- [REQUIREMENT] The expected output is the data below, character for character, without its pictures.

- [DATA PROVIDED]
----

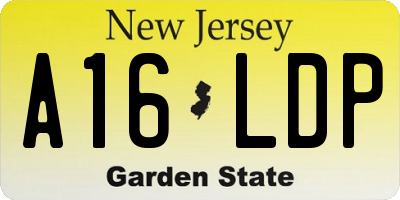 NJ license plate A16LDP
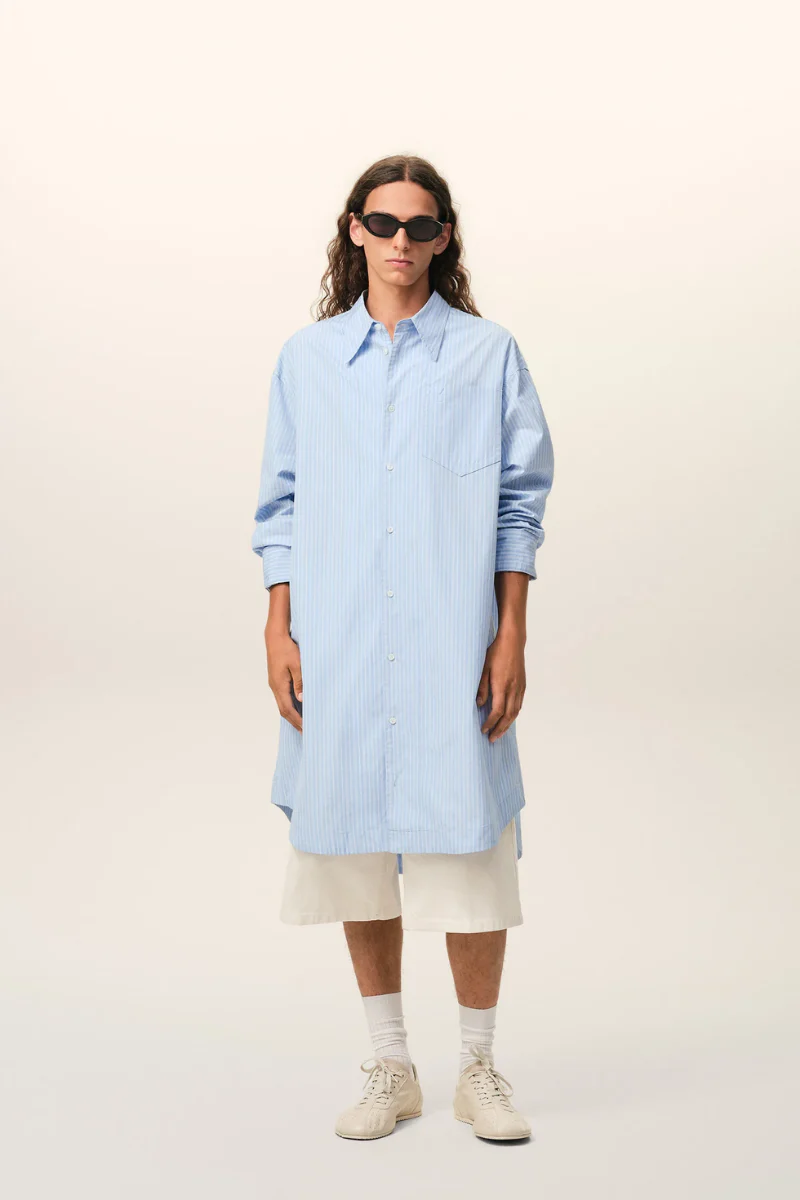 Ami Paris Long Sleeve Dress In Striped Cotton Poplin-Blue - Image 2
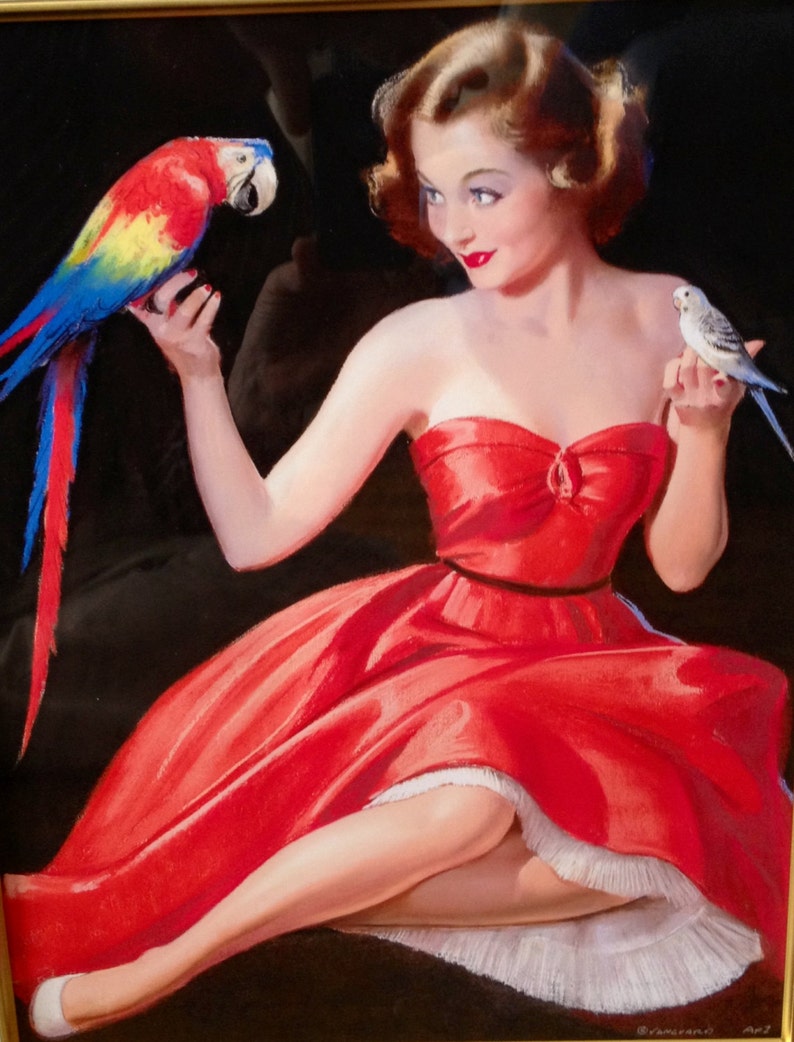 12X18 Print Sale BRADSHAW CRANDELL Red Dress Glamour Pin-Up Parrot Parakeet Budgie Deco Pin-Up Cosmopolitan Illustrator of 40s Pinup image 1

----

- [RESULT OF THE TASK]
 NJ license plate A16LDP
 Ami Paris Long Sleeve Dress In Striped Cotton Poplin-Blue - Image 2
 12X18 Print Sale BRADSHAW CRANDELL Red Dress Glamour Pin-Up Parrot Parakeet Budgie Deco Pin-Up Cosmopolitan Illustrator of 40s Pinup image 1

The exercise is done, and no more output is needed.